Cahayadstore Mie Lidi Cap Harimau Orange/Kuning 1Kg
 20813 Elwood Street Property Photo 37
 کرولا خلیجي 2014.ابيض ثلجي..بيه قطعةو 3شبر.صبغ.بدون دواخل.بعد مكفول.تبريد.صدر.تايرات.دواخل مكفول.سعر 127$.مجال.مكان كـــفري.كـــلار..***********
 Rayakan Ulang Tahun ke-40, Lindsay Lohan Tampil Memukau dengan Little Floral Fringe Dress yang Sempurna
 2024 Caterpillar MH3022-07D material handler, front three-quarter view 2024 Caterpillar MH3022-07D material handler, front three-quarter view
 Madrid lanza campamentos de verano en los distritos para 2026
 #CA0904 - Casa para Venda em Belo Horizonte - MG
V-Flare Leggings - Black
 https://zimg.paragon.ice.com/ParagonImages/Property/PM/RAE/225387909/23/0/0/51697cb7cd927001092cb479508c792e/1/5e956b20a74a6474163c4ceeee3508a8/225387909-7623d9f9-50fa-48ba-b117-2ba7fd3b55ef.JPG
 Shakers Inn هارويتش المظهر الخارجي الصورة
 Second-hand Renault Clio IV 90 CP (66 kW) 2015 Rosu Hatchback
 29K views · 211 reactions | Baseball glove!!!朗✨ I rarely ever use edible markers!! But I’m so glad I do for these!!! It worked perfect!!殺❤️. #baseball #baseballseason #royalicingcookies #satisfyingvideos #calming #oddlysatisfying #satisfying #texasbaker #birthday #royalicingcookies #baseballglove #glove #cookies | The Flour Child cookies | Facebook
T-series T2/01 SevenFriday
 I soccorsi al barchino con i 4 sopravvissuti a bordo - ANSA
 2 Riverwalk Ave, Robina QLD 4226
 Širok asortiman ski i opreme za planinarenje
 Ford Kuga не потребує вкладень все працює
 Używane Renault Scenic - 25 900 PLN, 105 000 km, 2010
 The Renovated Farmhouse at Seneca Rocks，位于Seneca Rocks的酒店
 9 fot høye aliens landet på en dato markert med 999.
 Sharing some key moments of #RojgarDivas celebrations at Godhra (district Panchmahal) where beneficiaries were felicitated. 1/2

^^^^^^^^

## WORK TO COMPLETE
Each line of the records with the word "Renault" in it is to be copied.

## OUTPUT BELOW
 Second-hand Renault Clio IV 90 CP (66 kW) 2015 Rosu Hatchback
 Używane Renault Scenic - 25 900 PLN, 105 000 km, 2010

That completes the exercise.